I want to create this topic to further discuss the details of the “One time use addresses” idea created by @davidtavarez. Basically this idea need to be extended to create a standard on how Grin HD (hierarchical deterministic wallets) should function:
We could assign it a GIPXX number (e.g. GIP44), just like how BIP (Bitcoin Improvement Proposals) work.
With Grin HD wallets here are additional concerns that should be taken into account:
1) security 2) wallet performance 3) blockchain bloat 4) simplicity - since that is part of Grin’s motto and since wallet developers should not have to deal with unnecessary complexity.
For this reason, I would like to invite @oryhp, @vegycslol and anyone else to work towards a solution that is both user friendly, developer friendly and secure. Of-course @davidtavarez, @david and @antioch 's feedback are also highly appreciated since the proposal should be workable for wallet developers.
The basis is to work with a BIP44 HD derivation structure (m/44’/0’/a’/c/i). In this case the coin number c’ = 592 for Grin and the account number is the derivation branch for a specific purpose/account of the users choosing such as a permanent address or an account for one-time use addresses e.g. for payment processing. To give an example of a wallet with one account for a permanent address and an account for disposable one-time use addresses:
web_shop0 Address m/44’/592’/1’/0 | temp | Bookkeeping address for the disposable account
web_shop1 Address m/44’/592’/1’/1 | temp| disposable address
web_shop2 Address m/44’/592’/1’/2 | temp| disposable address
grinmint_mining0 Address m/44’/592’/1’/0 | permanent | Bookkeeping address stating this branch is a permanent address
grinmint_mining1 Address m/44’/592’/2 |permanent | address for receiving transactions
I think it interesting to discuss adding some “minimal on chain bookkeeping” to:
1) improve security 2) to avoid blockchain bloat and 3) keep the wallet performant (by minimizing the number of keys that the blockchain needs to be scanned for).
I included these bookkeeping addresses in the example above which can be used to indicate the “status” of an account and its use.
It would be best to use the first address at the lowest derivation level to contain the status of that specific account.
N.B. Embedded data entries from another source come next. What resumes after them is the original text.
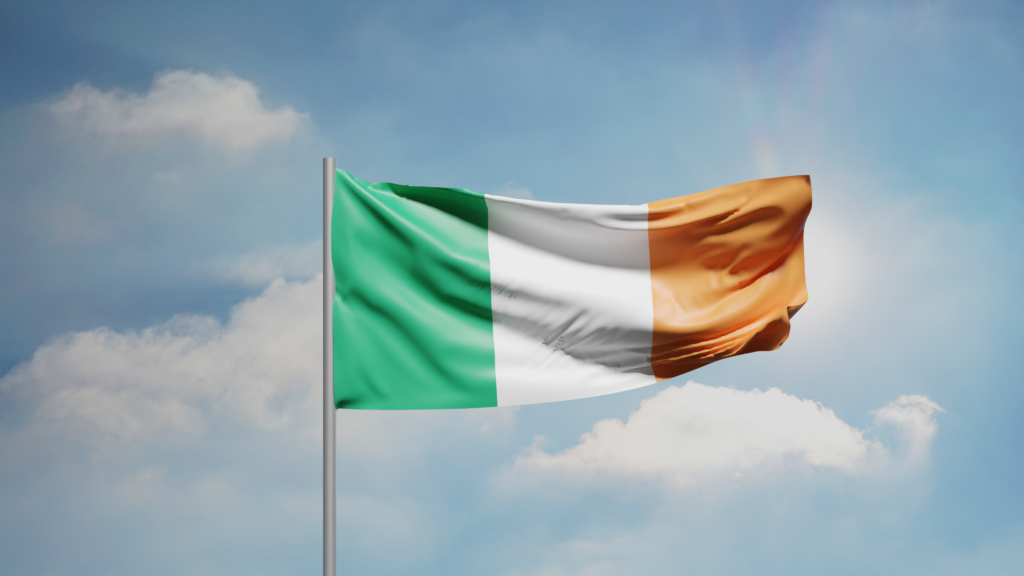 The Irish tricolour flag (green, white and orange) flying against a blue sky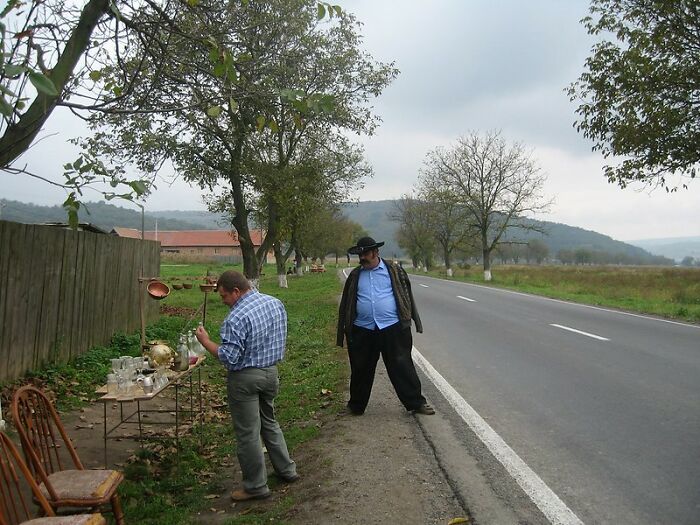 Two men by the roadside with vintage items, illustrating real world secrets shared in an online group for young adults.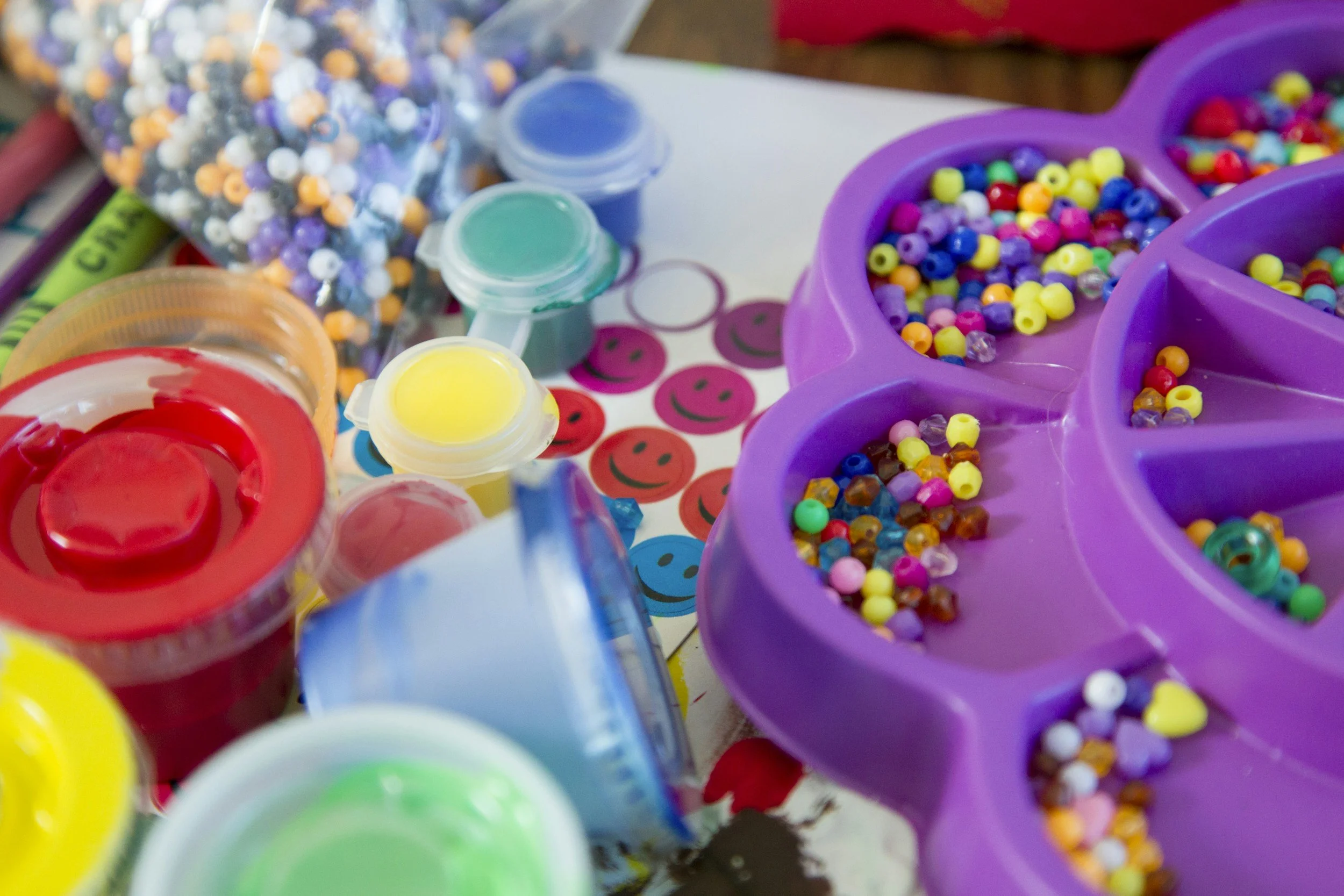 Assorted colorful craft beads, containers of paint, and smiley face stickers arranged on a table, possibly for arts and crafts activity.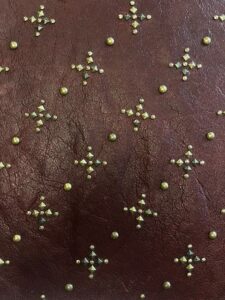 Close-up of maroon leather embellished with small metallic studs arranged in a decorative cross pattern. Detailed image of dark maroon leather featuring small gold and brass-toned studs arranged in cross motifs, creating a textured and ornate surface.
Below a rough draft of this “on-chain metadata” which is only visible to the wallet owner. The cost of this online bookkeeping are very low and only include the transaction fee when opening a branch or changing the status of that account branch. The online bookkeeping could even be an opt-in solution for both users and wallet developers, similar to a soft-fork, since only very specific values have meaning to the wallet. For security it would be best though that all wallet software would avoid the first address of each account to respect its use for online bookkeeping by some wallet software’s.
Value in mili-grin send to the first account (branch) address for on-chain bookkeeping. The wallet will interpret the value on this first address of account to decide what to do both for the wallet in use ass well as upon a wallet recovery from the mnemonic seed phrase:
In this way when regenerating the wallet while knowing which accounts of the HD wallet to scan as well as which addresses not to reuse as explained below:
- 0 : Free to be used. The account can be used for any permanent or disposable keys
- 1 : Permanent, the wallet will scan with a single derived private-key since it is a permanent account and the associated address can be reused after recovery from a mnemonic seed.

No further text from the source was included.